Globe and Mail columnist David Berman.The Globe and Mail
Canada's main stock market index surged to a record high on Friday following an upbeat jobs report and rising commodity prices, marking a stellar comeback for a market that was down on its heels just one year ago.
The S&P/TSX composite index closed at 15,729.12, up 111.82 points or 0.7 per cent, surpassing its 2014 peak. It joins major U.S. indexes that also touched record highs amid rising expectations for economic growth.
But the rebound by the Canadian benchmark stands out because it had fallen into a bear-market funk this time last year, when slumping commodity prices pushed the index toward a three-year low.
Banks, airlines and railways have contributed to the subsequent rebound over the past 12 months, but commodity producers have stood out with eye-popping gains as high as 700 per cent – giving index investors a particular thrill. The reason: Many professional stock pickers avoided beaten-up commodity producers when they were unloved.
However, index investors – who prefer to passively track the market rather than rely on clever stock picking to outperform it – have enjoyed the full rally.
Over the past 12 months, materials stocks have surged nearly 53 per cent, following an improvement in prices for everything from copper to zinc to nickel and a more recent uptick in the price of gold.
Some of the gains in this sector have been eye-popping.

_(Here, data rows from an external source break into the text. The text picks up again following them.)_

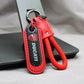Motorcycle Carbon Fiber Leather Keychain
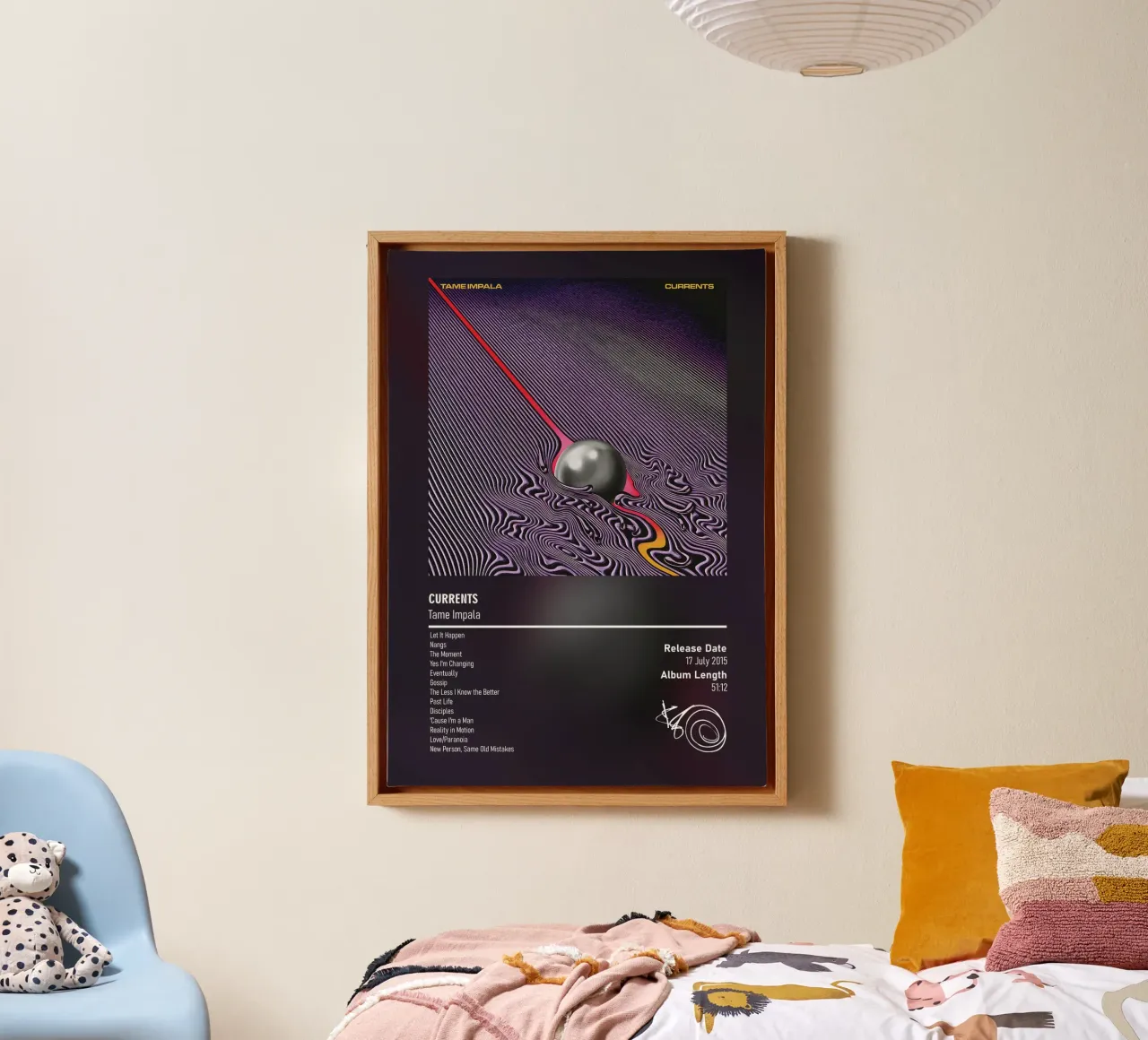 Currents By Tame Impala (Kevin Parker) tela con Cornice a cassetta da DGUnder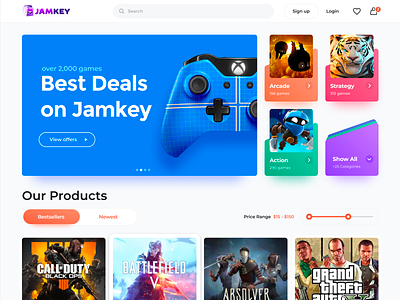 Jamkey Home basket card catalogue categories e commerce filter game gaming marketplace navigation price products selecto shop shopping web shop website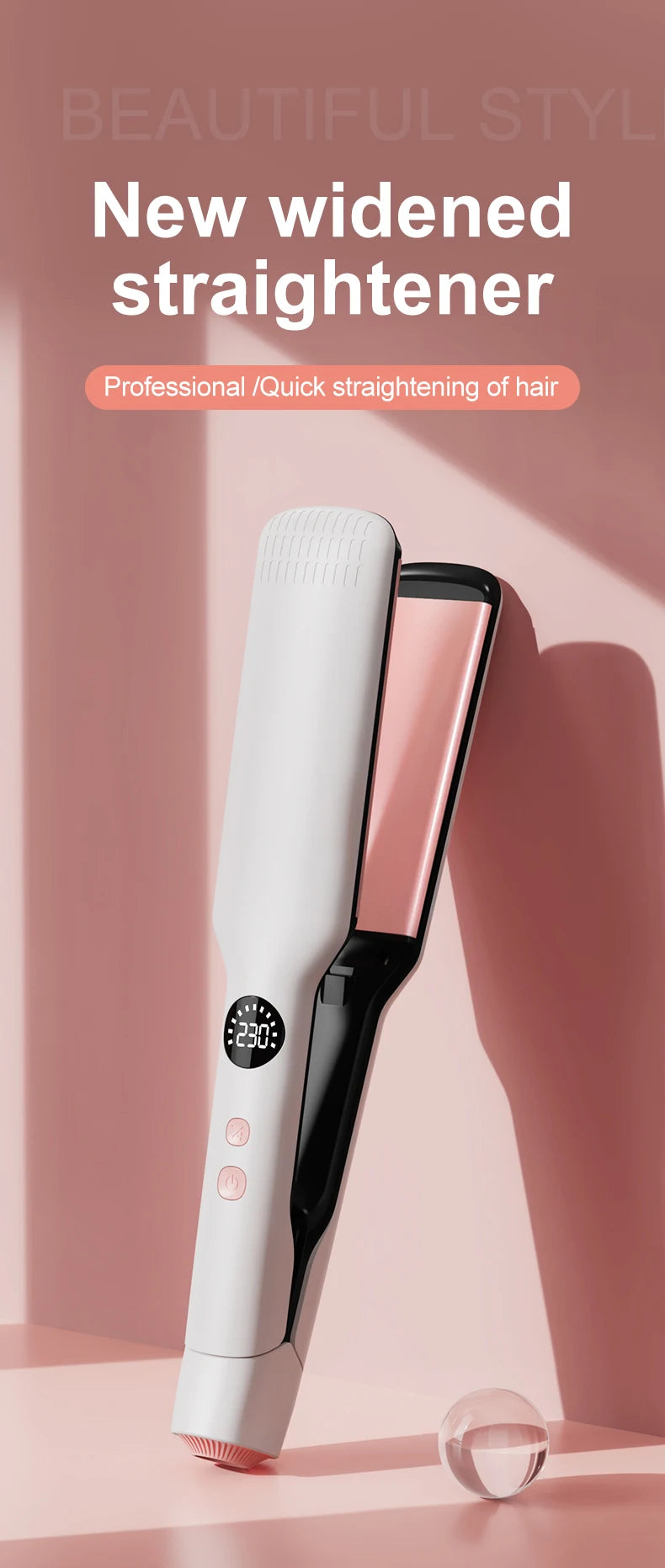 White wide-plate hair straightener with pink ionic plates, digital temperature display, and sleek professional design.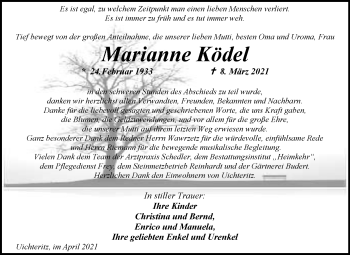 Traueranzeige von Marianne Ködel von Mitteldeutsche Zeitung Weißenfels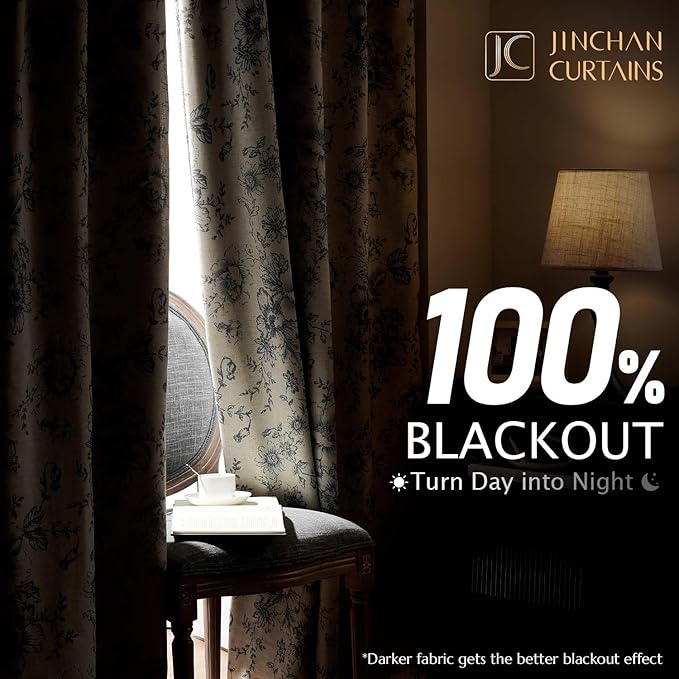 jinchan Blackout Floral Curtains for Living Room Bedroom Linen Blend Curtain Farmhouse Grey Printed with Lined Back Tab Rod Pocket Drapes Window Treatments 2 Panels 84 Inch Gray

Ivanhoe Mines Ltd., which has a promising African copper project, has jumped more than 700 per cent over the past 12 months.

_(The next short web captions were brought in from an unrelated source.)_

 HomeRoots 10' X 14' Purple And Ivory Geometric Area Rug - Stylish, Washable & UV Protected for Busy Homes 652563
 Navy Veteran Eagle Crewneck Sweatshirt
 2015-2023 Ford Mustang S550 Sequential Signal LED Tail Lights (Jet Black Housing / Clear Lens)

Teck Resources Ltd. and First Quantum Minerals Ltd. have risen more than 480 per cent over this same period.
Energy stocks – a deeply depressed group this time last year after the price of crude oil had fallen to a 13-year low of about $26 (U.S.) a barrel – have risen more than 37 per cent over the past year. Encana Corp., Enerplus Corp. and Bonavista Energy Corp. have all scored triple-digit returns.

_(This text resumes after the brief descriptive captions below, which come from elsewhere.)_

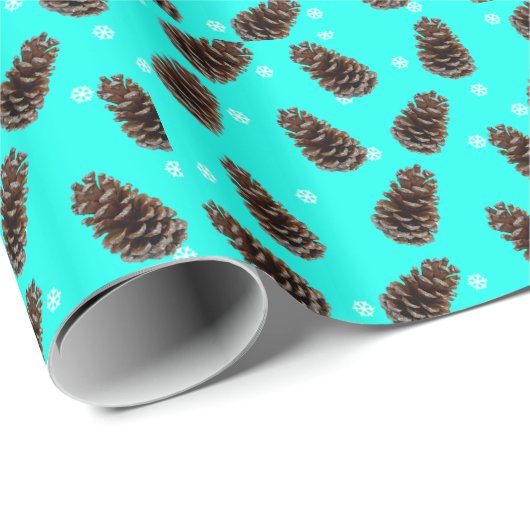 Pine Cone Snowflake Muster Aqua Wrapping Paper Geschenkpapier (Rolleneckpunkt)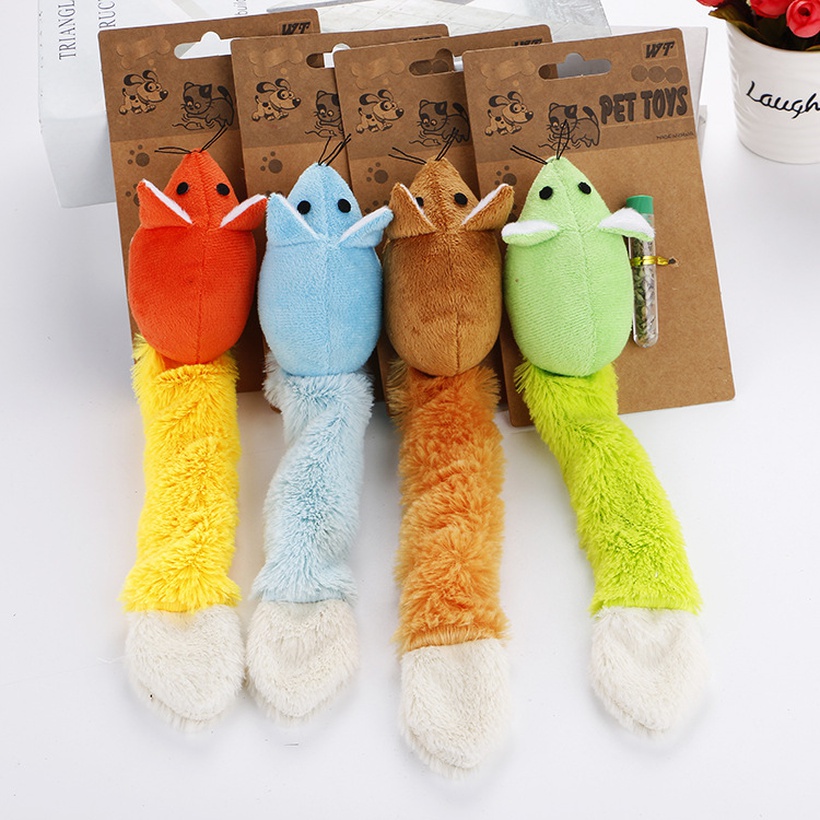 Pet Toys Catnip Mouse Macaron Ribbon Long Tail Cat Supplies Cat Toys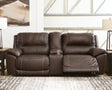 Furniture City Houma - Ashley Furniture - Dunleith 3-Piece Power Reclining Loveseat with Console - 3-Piece Power Reclining Loveseat with Console / Chocolate - U71604S4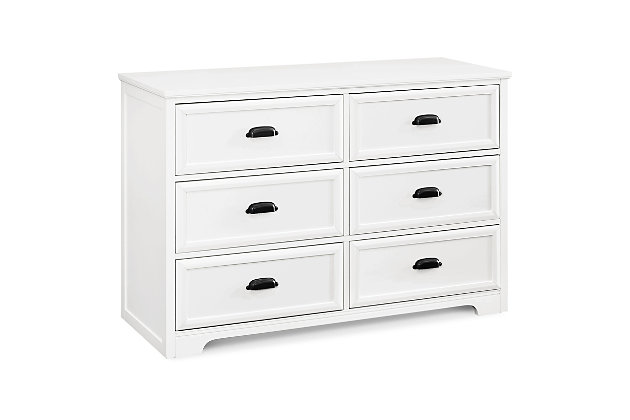 Merging classic Americana styling with a modern farmhouse aesthetic, the Charlie Homestead double dresser has wonderful staying power. Six spacious drawers offer plenty of room for clothes, blankets and more.Made of pine wood and TSCA-compliant engineered wood | Cup style drawer pulls | Metal drawer glides with stop mechanisms for added safety; anti-tip kit included | Meets ASTM international and U.S. CPSC safety standards | Finished in non-toxic, multi-step painting process, lead and phthalate safe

How many investors saw this rally coming, given that some commodity producers were awash in losses and dangerous debt loads just a year ago?
Many of these high-flying companies now have absurdly high valuations: As a group, materials stocks trade at 60-times trailing profits and energy stocks trade at more than 100-times profits, according to Bloomberg.
If these stocks hit an air pocket, the index – and index investors – could suffer. But for now, mutual-fund portfolio managers who have less exposure to commodity stocks will struggle to keep up.
These managers form a large group. According to Morningstar, the average Canadian equity fund had 18.4 per cent of its assets in energy stocks at the end of 2016, or three percentage points less than the sector's weighting in the S&P/TSX composite index.
In the case of materials stocks, the differences are more striking. The average fund had just 7.8 per cent of its assets in these stocks. That compares to a 12 per cent weighting within the index. The vast majority of funds – about 85 per cent – have underweighted materials stocks.
Vijay Viswanathan, co-manager of the Mawer Canadian Equity fund, noted that his underexposure simply reflects a stock-picking approach that favours strong businesses, good management and value – what he calls his company's investment philosophy.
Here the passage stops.